This could be an easier option.

Are you facing down a pile of debt, wondering how best to pay it off? You have a lot of options when it comes to getting rid of debt. You might consider paying off your debts one by one, either by prioritizing the lowest amounts first (the debt snowball method). Or you could look at targeting your highest-interest debts first -- this is the debt avalanche method, and you'll save more on interest with this approach than you will with the debt snowball.

But if you're having trouble managing multiple debts (multiple due dates, multiple payment amounts), you might look at consolidating your debt instead. This is when you borrow a sum of money to pay off all your debts at once, then you pay off the amount borrowed on a set timeline. There are multiple ways to approach this, too.

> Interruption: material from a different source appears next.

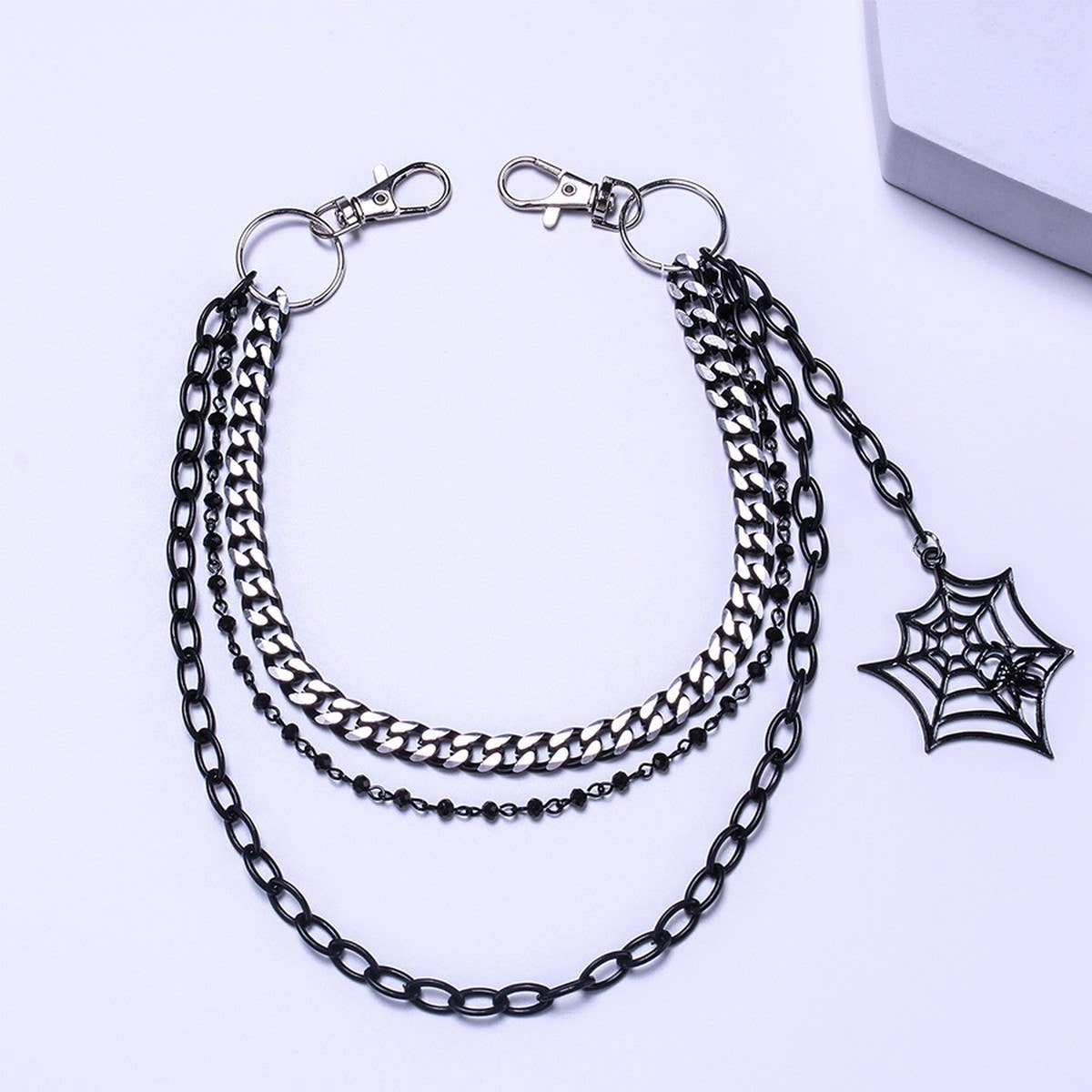 PUNK STYLE SPIDER WEB JEANS CHAIN_CWMM0645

A personal loan is a common way to consolidate debt, and if you go this route, you could end up with a much lower interest rate on that loan if you have good credit. But there's a way to consolidate your debt that comes with no interest at all -- if you can finish paying it off before interest is assessed. If this sounds appealing to you, consider consolidating your debt with a 0% APR credit card.

How do 0% APR credit cards work?

Some credit cards come with an introductory period of 0% interest. Sometimes these are designated specifically as balance transfer cards, to reflect their use in debt consolidation. These can help you save money in the course of paying off your debt, because once you move all your existing balances to the card, you won't be charged more interest on them for a designated period of time. This could be as long as 21 months for some cards.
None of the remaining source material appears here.